• **Exercise data**
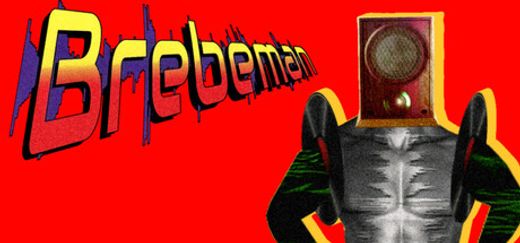 ブレビマン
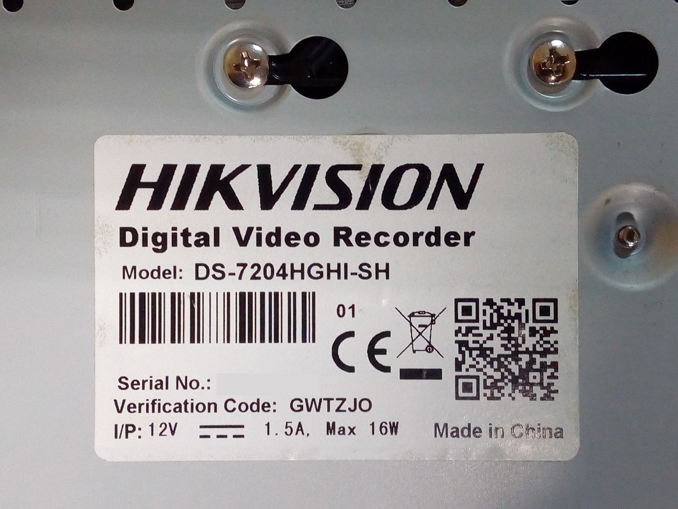 Видеорегистратор не включается. Ремонт Hikvision DS-7204HGHI-SH
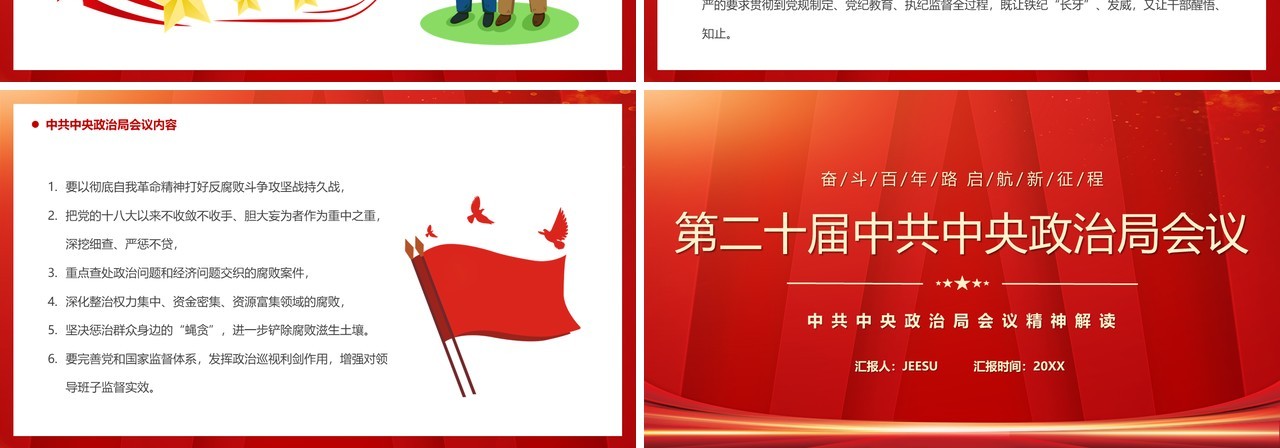 红色第二十届中共中央政治局会议PPT模板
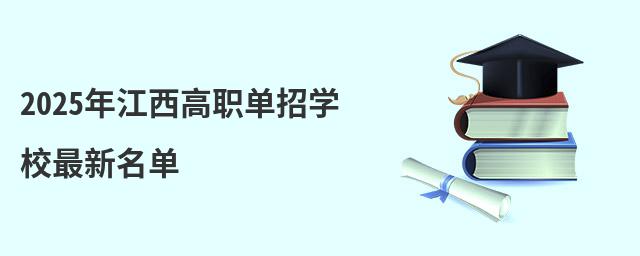 2024年江西高職單招學(xué)校最新名單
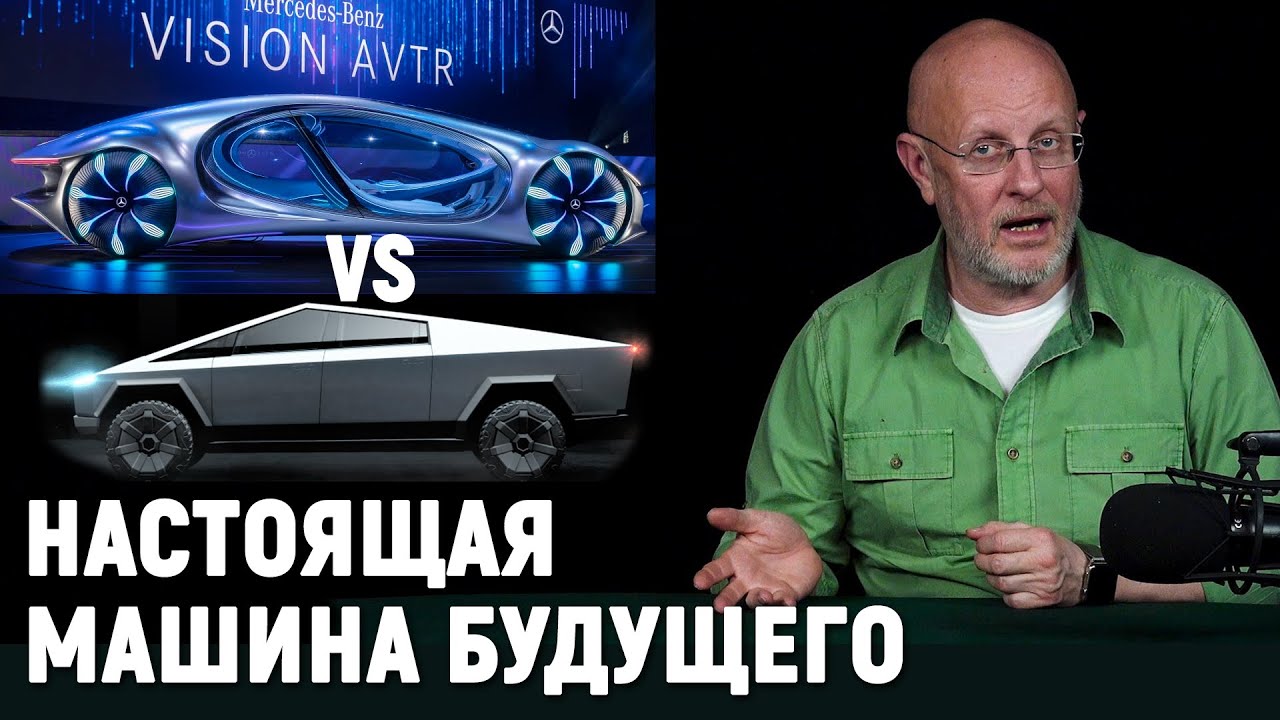 Sony и Mercedes против Теслы, $1,7 млрд Дурова, выставка CES | В цепких лапах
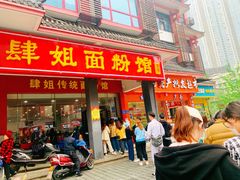 门面-肆姐面粉馆(坡子街店)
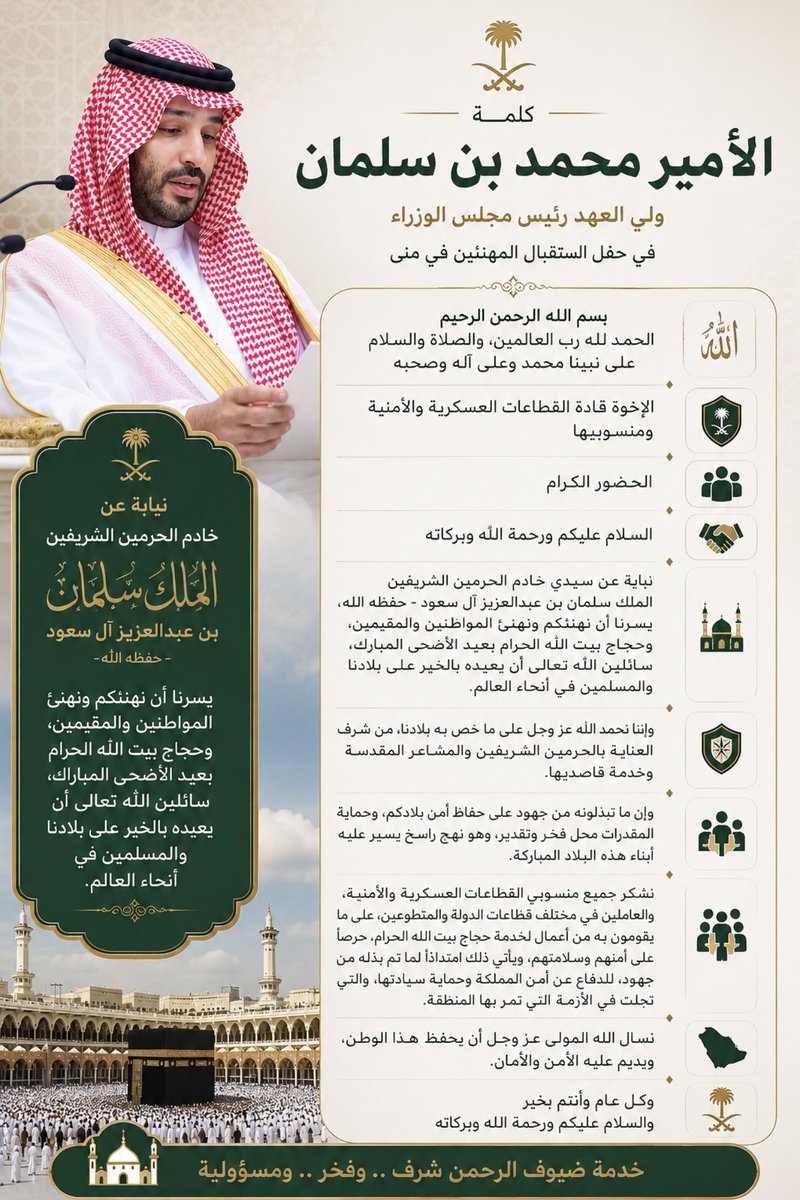 sultanaaljoufi's tweet photo. ألقى الأمير محمد بن سلمان ولي العهد رئيس مجلس الوزراء، كلمة بحفل الاستقبال بمنى قال فيها:
🕋🇸🇦🇸🇦🇸🇦🇸🇦🇸🇦🇸🇦
 بسم الله الرحمن الرحيم
 الحمد لله رب العالمين، والصلاة والسلام على نبينا محمد وعلى آله وصحبه
 الإخوة قادة القطاعات العسكرية والأمنية ومنسوبيها
 الحضور الكرام
 السلام عليكم ورحمة الله وبركاته
 نيابة عن سيدي خادم الحرمين الشريفين الملك سلمان بن عبدالعزيز آل سعود -حفظه الله-، يسرنا أن نهنئكم ونهنئ المواطنين والمقيمين، وحجاج بيت الله الحرام بعيد الأضحى المبارك، سائلين الله تعالى أن يعيده بالخير على بلادنا والمسلمين في أنحاء العالم.
 وإننا نحمد الله عز وجل على ما خص به بلادنا، من شرف العناية بالحرمين الشريفين والمشاعر المقدسة وخدمة قاصديها.
 وإن ما تبذلونه من جهود على حفاظ أمن بلادكم، وحماية المقدرات محل فخر وتقدير، وهو نهج راسخ يسير عليه أبناء هذه البلاد المباركة.
 نشكر جميع منسوبي القطاعات العسكرية والأمنية، والعاملين في مختلف قطاعات الدولة والمتطوعين، على ما يقومون به من أعمال لخدمة حجاج بيت الله الحرام، حرصًا على أمنهم وسلامتهم، ويأتي ذلك امتدادًا لما تم بذله من جهود، للدفاع عن أمن المملكة وحماية سيادتها، والتي تجلت في الأزمة التي تمر بها المنطقة.
 نسأل الله المولى عز وجل أن يحفظ هذا الوطن، ويديم عليه الأمن والأمان.
 وكل عام وأنتم بخير
 والسلام عليكم ورحمة الله وبركاته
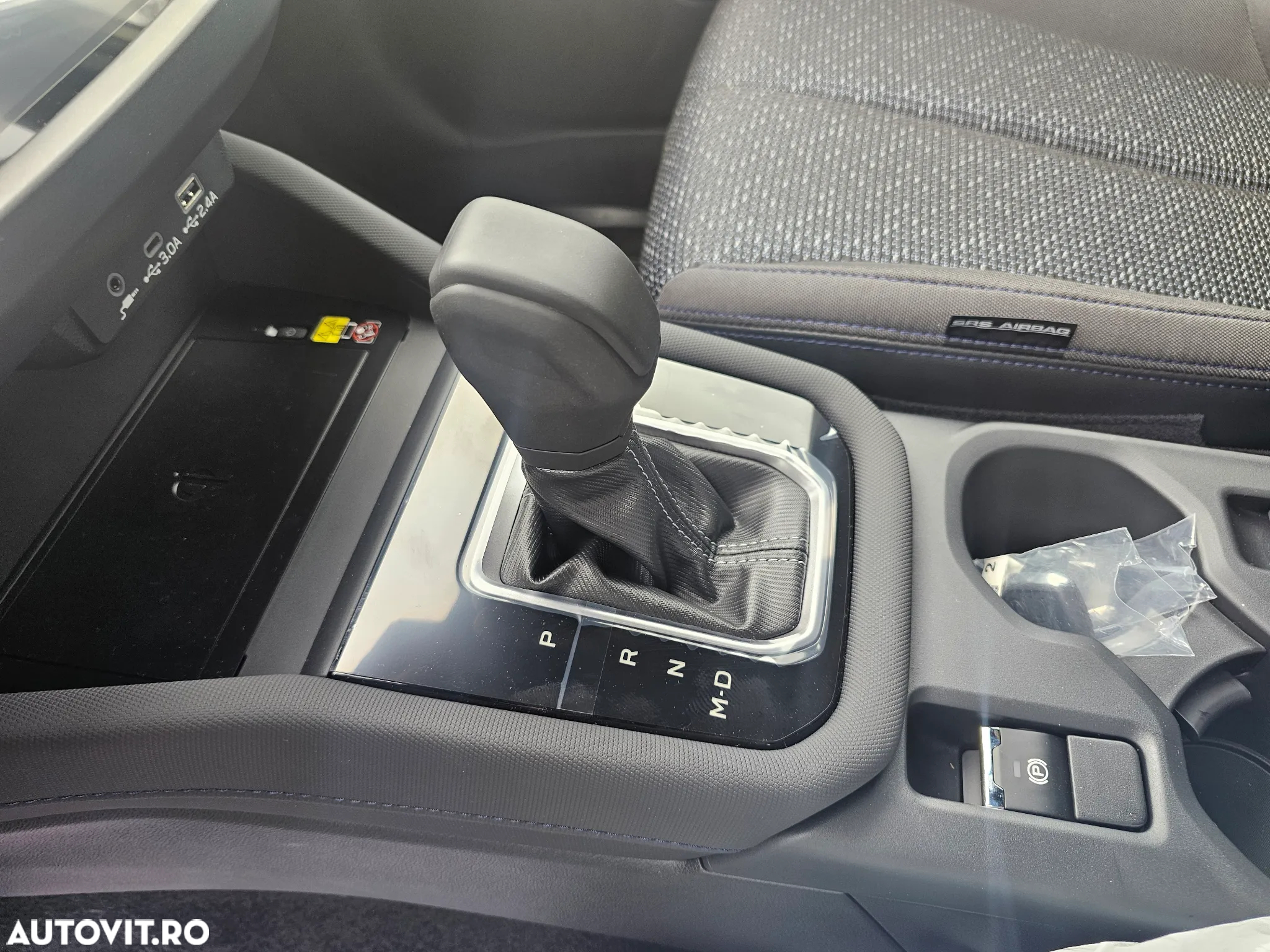 Subaru Forester - 12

• **Description of the task**
In the entries, find every line holding "الحرام" and copy it.

• **Response**
 نيابة عن سيدي خادم الحرمين الشريفين الملك سلمان بن عبدالعزيز آل سعود -حفظه الله-، يسرنا أن نهنئكم ونهنئ المواطنين والمقيمين، وحجاج بيت الله الحرام بعيد الأضحى المبارك، سائلين الله تعالى أن يعيده بالخير على بلادنا والمسلمين في أنحاء العالم.
 نشكر جميع منسوبي القطاعات العسكرية والأمنية، والعاملين في مختلف قطاعات الدولة والمتطوعين، على ما يقومون به من أعمال لخدمة حجاج بيت الله الحرام، حرصًا على أمنهم وسلامتهم، ويأتي ذلك امتدادًا لما تم بذله من جهود، للدفاع عن أمن المملكة وحماية سيادتها، والتي تجلت في الأزمة التي تمر بها المنطقة.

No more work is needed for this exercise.